Dengan kritis, Farag Fouda menyerang setiap sisi dari wacana pembentukan Negara Islam ini. Lebih dalam lagi, ia mulai mempermasalahkan konsep yang akan digunakan. Fouda juga mempertanyakan agenda politik yang akan mereka canangkan, karena agenda itu dapat memberi jalan keluar terhadap berbagai problem. Agenda politik itu semisal sistem pemerintahan dan tata caranya, reformasi di bidang politik, ekonomi, kebudayaan, dan juga perbaikan sistem pendidikan, perumahan, dan solusi persoalan-persoalan itu dari sudut pandang Islam.
Farag mengritik, “ Bukankah itu juga termasuk titik kelemahan mendasar yang dihadapi oleh orang-orang yang berbeda pandangan dengan mereka? Mereka tidak memberikan ruang bagi orang lain untuk mengkritik atau menolak keinginan mereka?”
Wawasan tentang Negara Islam memang memiliki banyak kendala dan kelemahan, terutama ketidakjelasan konsep dan kebijakan politik. Mau dibawa ke mana kaum muslimin dan umat manusia setelah terkumpul dan tunduk dibawah panji khilafah? Akankah semakin tercipta perdamaian, atau sebaliknya, perpecahan dimana-mana ?

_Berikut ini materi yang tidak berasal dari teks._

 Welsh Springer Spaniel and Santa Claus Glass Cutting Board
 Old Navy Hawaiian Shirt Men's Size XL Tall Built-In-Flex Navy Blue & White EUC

Bolehlah mengutip Ketua Umum PBNU Said Aqil Siroj. “Khilafah adalah fatamorgana. Semua ormas Islam sudah berkomitmen pada NKRI. Indonesia adalah bentuk negara yang final”. Gus Dur juga mengingatkan, “Bahkan, HTI bersama Wahabi dan Ikhwanul Muslimin berusaha mengubah wajah Islam Indonesia yang umumnya santun dan toleran menjadi wajah garang “.
Masih maukah kita mengikuti agenda politik yang tidak jelas dan tunduk pada doktrin untuk memecah belah keutuhan bangsa? Tulisan yang mengompilasi sejumlah pendapat dan fakta sejarah ini mudah-mudahan bisa menjadi pengingat.